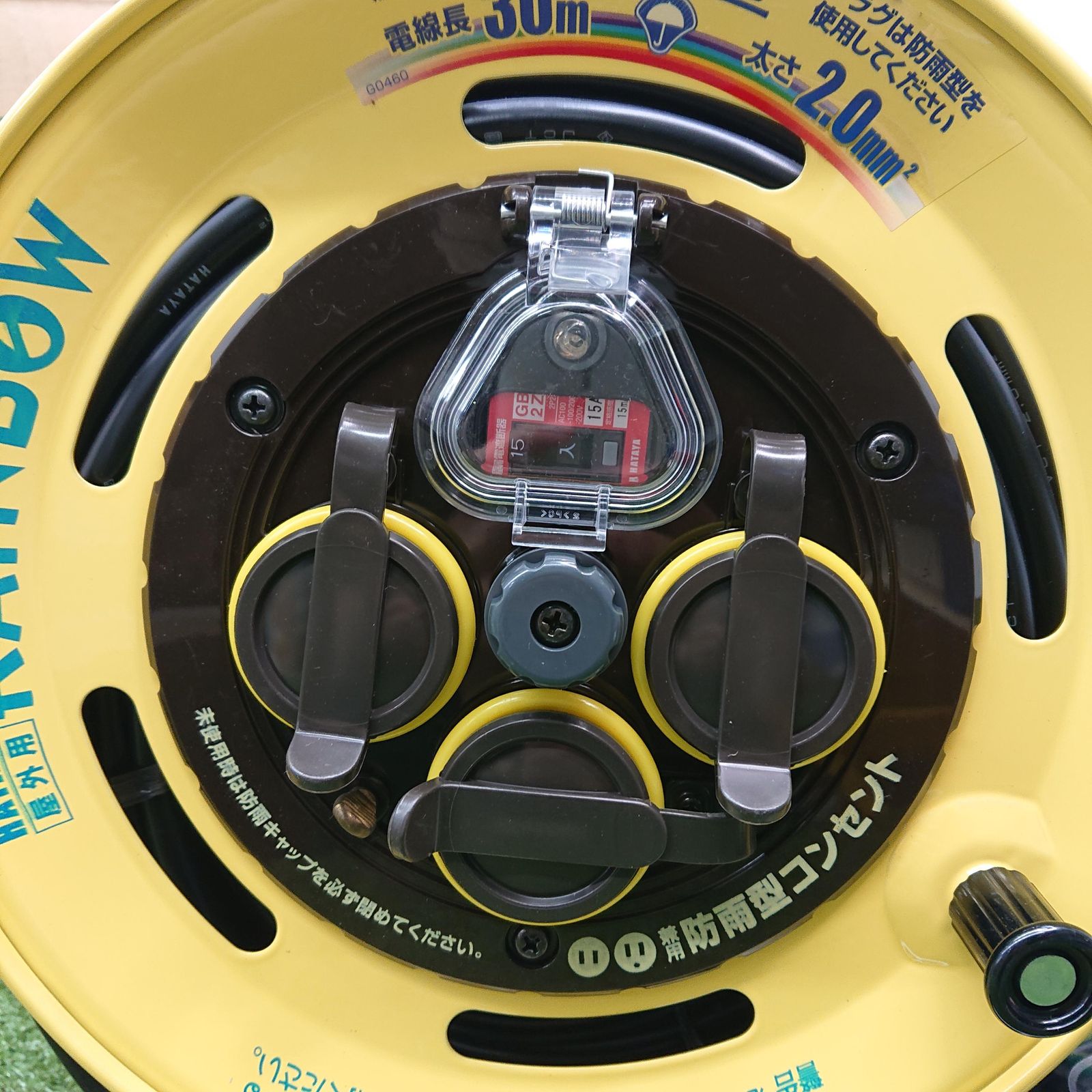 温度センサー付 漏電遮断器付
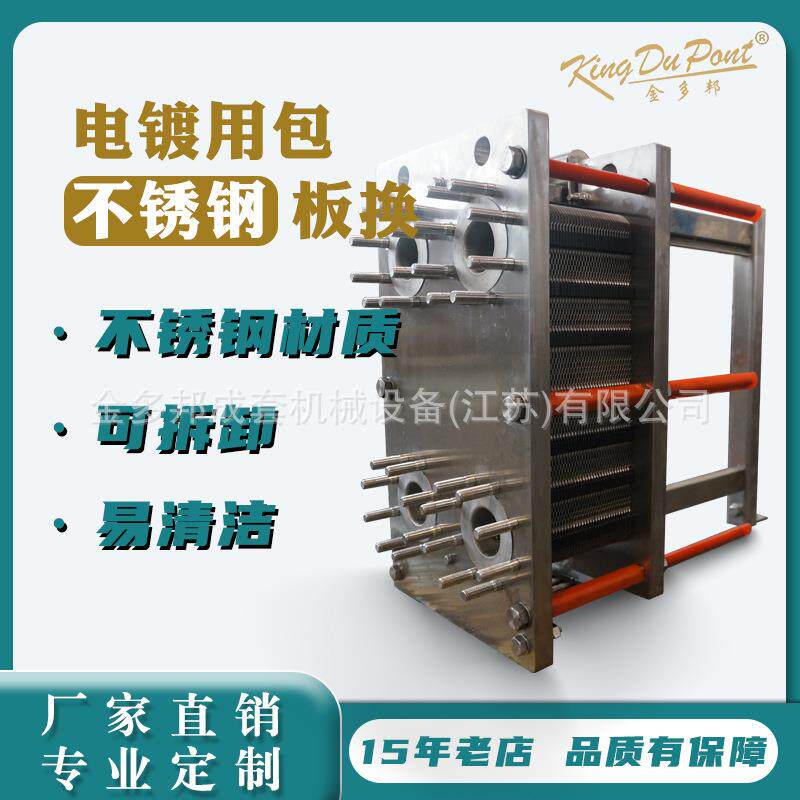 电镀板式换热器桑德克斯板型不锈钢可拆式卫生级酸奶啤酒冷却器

★ ★ ★ ★

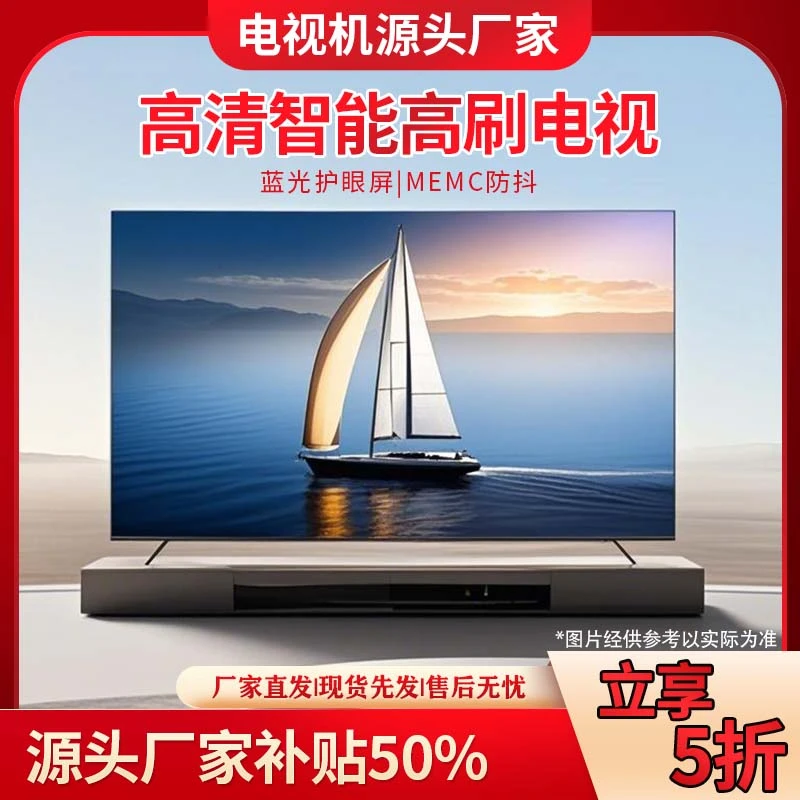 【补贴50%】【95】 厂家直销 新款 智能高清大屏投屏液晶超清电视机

★ ★ ★ ★

- [Task brief]:
Among the entries above, locate the line with "温度センサー付 漏電遮断器付" and the line with "电镀板式换热器桑德克斯板型不锈钢可拆式卫生级酸奶啤酒冷却器". Give those two lines and all lines between them again, exactly, leaving out the pictures.

- [Solution]:
 温度センサー付 漏電遮断器付
 电镀板式换热器桑德克斯板型不锈钢可拆式卫生级酸奶啤酒冷却器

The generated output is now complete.